## Your assignment:
The expected copy holds every entry exactly and none of the pictures.

[Collected data]

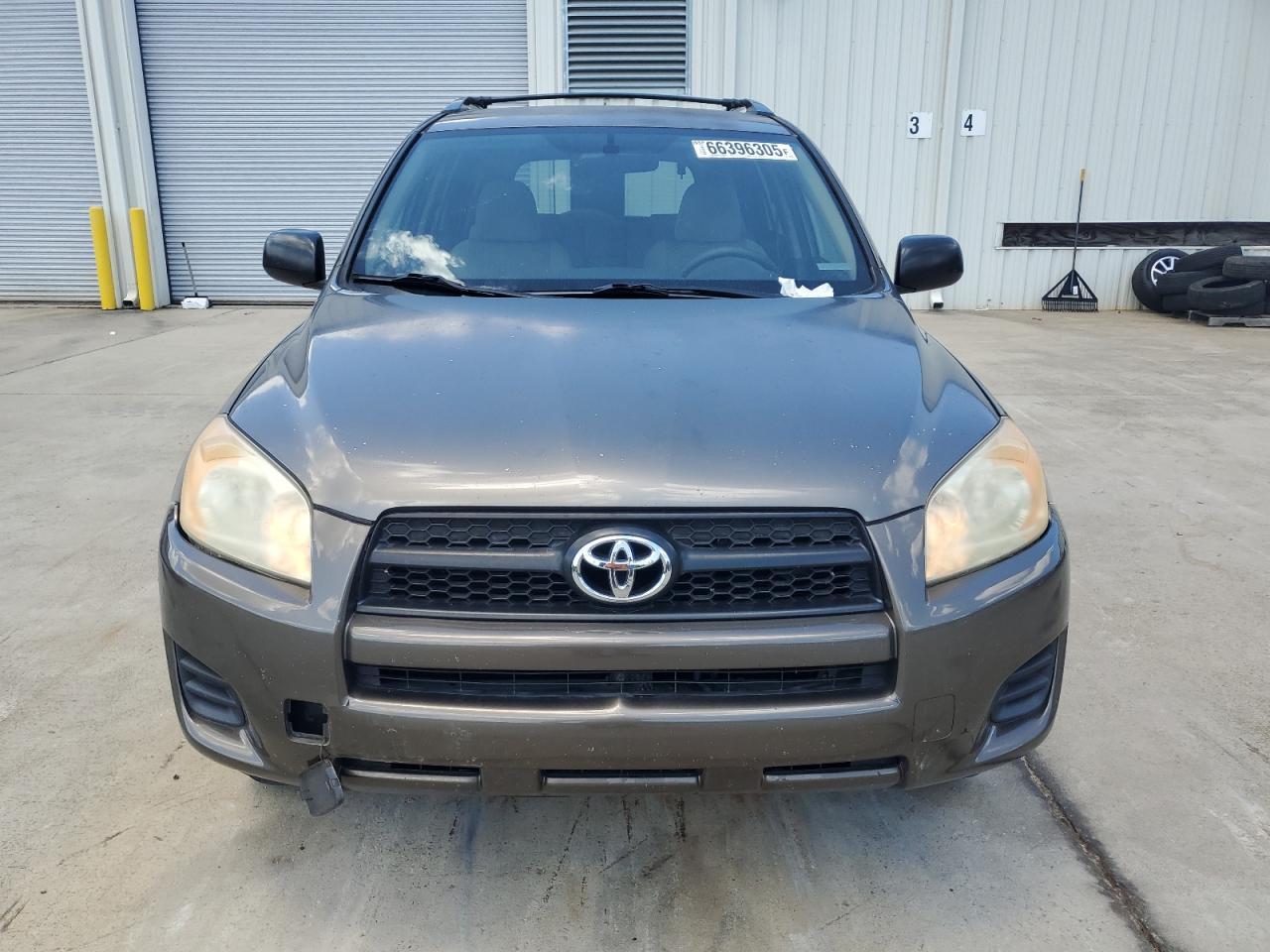 2010 TOYOTA RAV4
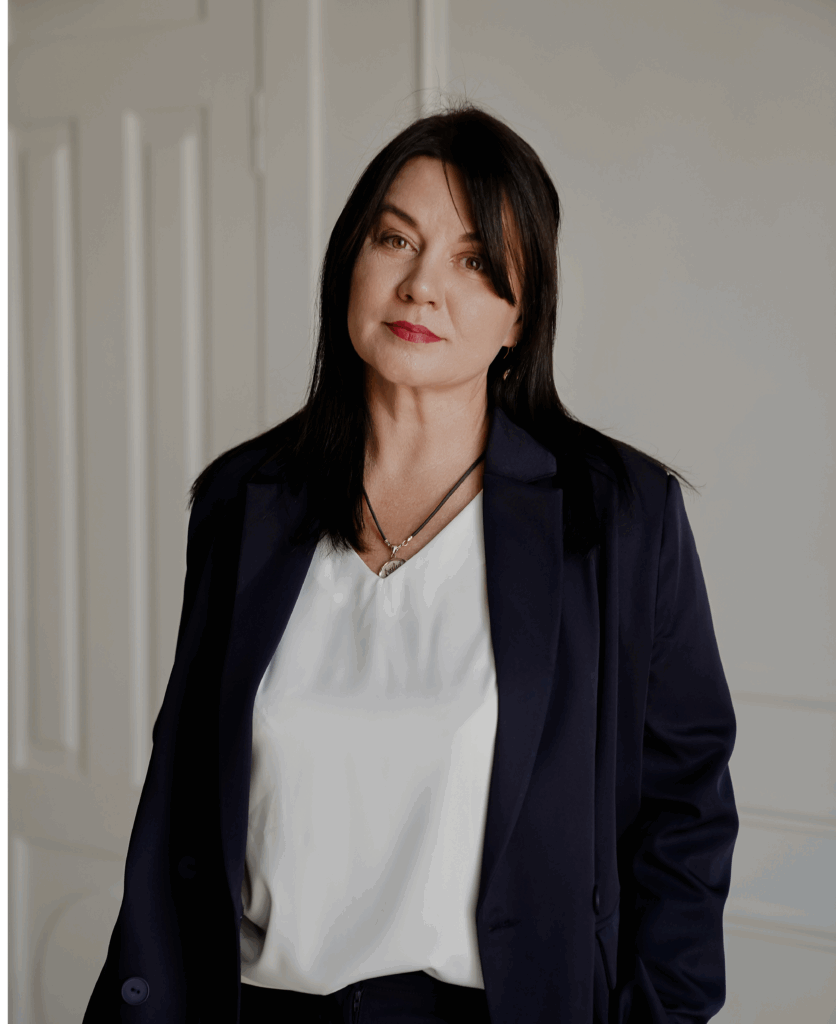 Фотография Карапетян Наталья Петровна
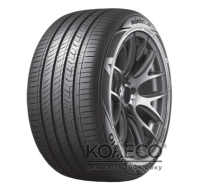 Легковые шины Kumho Majesty 9 Solus TA91 255/40 R19 100W XL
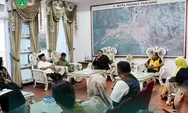 Limbah Dapur MBG Bikin Ikan Mati, Wako Padang Panjang Minta Pengawasan SPPG Diperketat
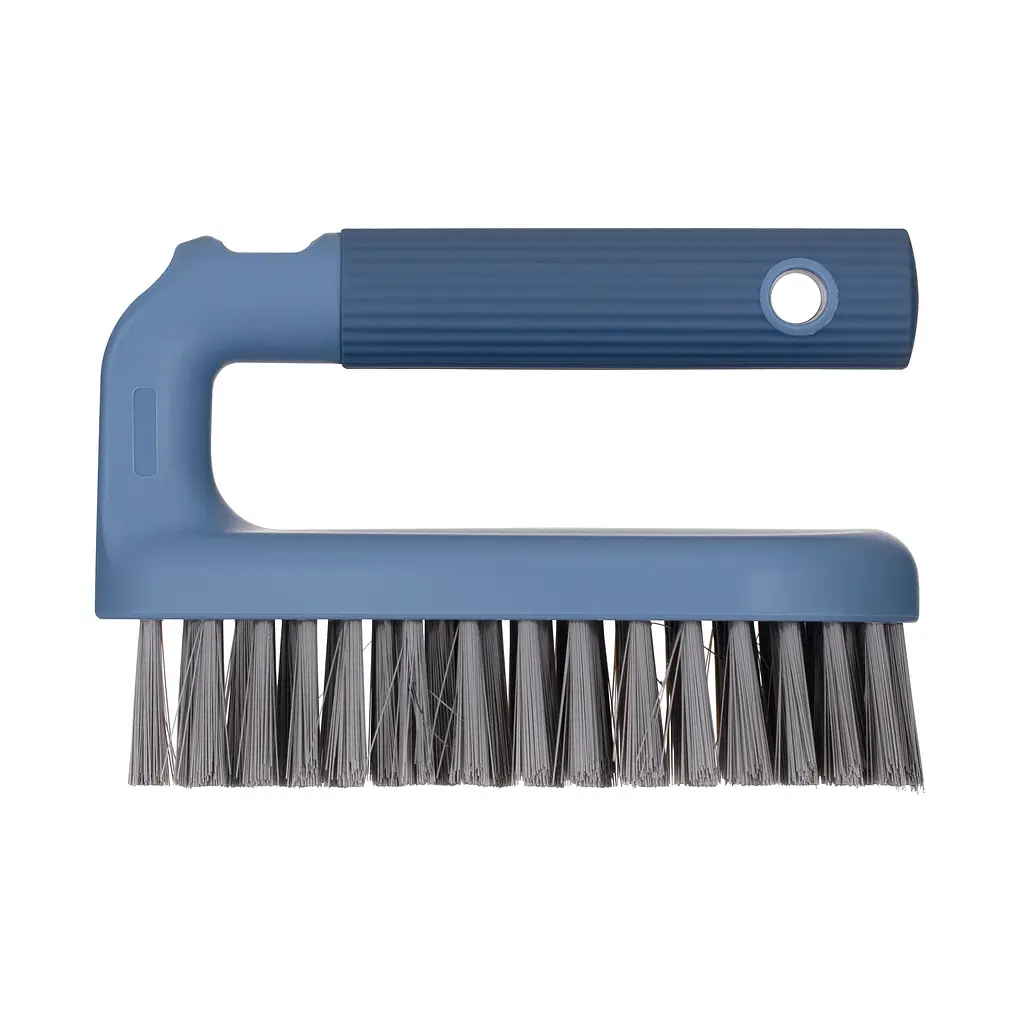 Щітка для миття 2 в 1 Ardesto Profe 13.9 х 7 х 9 см блакитна (ARHE1302B) - фото 10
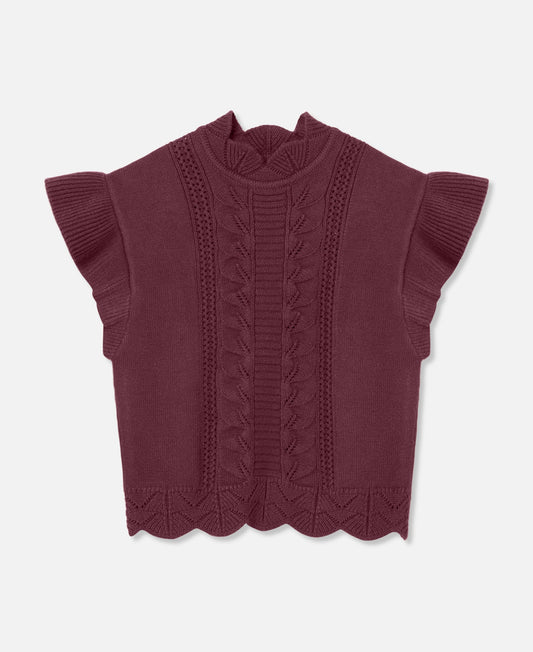 Alilly gilet largo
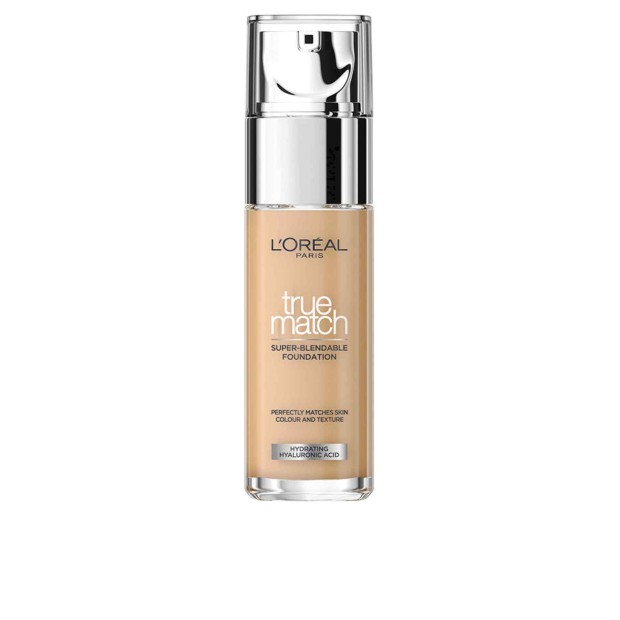 Accord Parfait Foundation 5R/5C rose sand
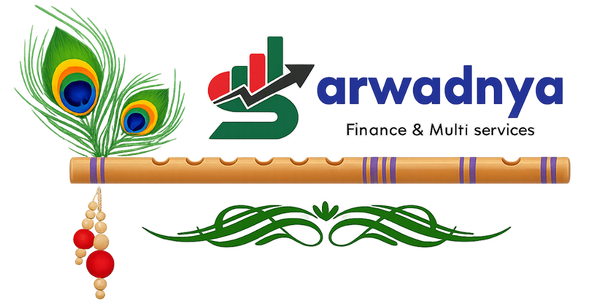 Sarwadnya Finance logo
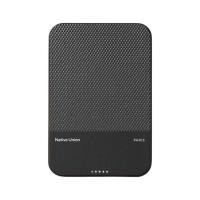 ราคา แบตเตอรี่สำรอง Native Union (Re)Classic Magnetic 10000mAh Qi2 - Black (15280303112563)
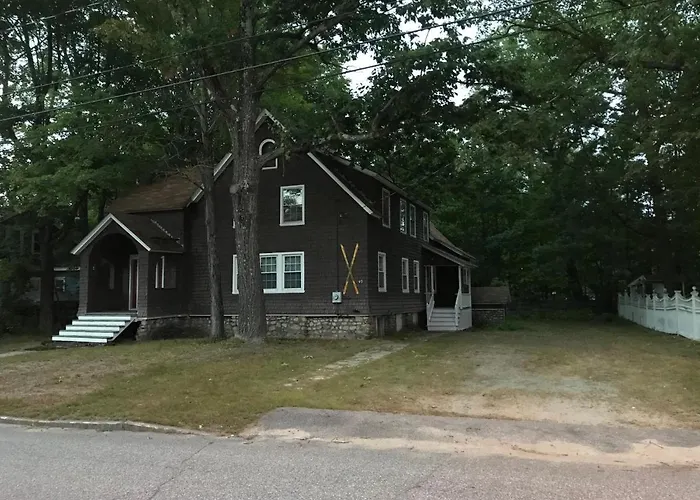 Snowchasers Lodge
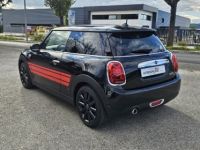 Mini Cooper D 1.5 116 CV F56 3 PORTES - Toit Ouvrant - - <small></small> 15.690 € <small>TTC</small> - #6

## Result:
 2010 TOYOTA RAV4
 Фотография Карапетян Наталья Петровна
 Легковые шины Kumho Majesty 9 Solus TA91 255/40 R19 100W XL
 Limbah Dapur MBG Bikin Ikan Mati, Wako Padang Panjang Minta Pengawasan SPPG Diperketat
 Щітка для миття 2 в 1 Ardesto Profe 13.9 х 7 х 9 см блакитна (ARHE1302B) - фото 10
 Alilly gilet largo
 Accord Parfait Foundation 5R/5C rose sand
 Sarwadnya Finance logo
 ราคา แบตเตอรี่สำรอง Native Union (Re)Classic Magnetic 10000mAh Qi2 - Black (15280303112563)
 Snowchasers Lodge
 Mini Cooper D 1.5 116 CV F56 3 PORTES - Toit Ouvrant - - <small></small> 15.690 € <small>TTC</small> - #6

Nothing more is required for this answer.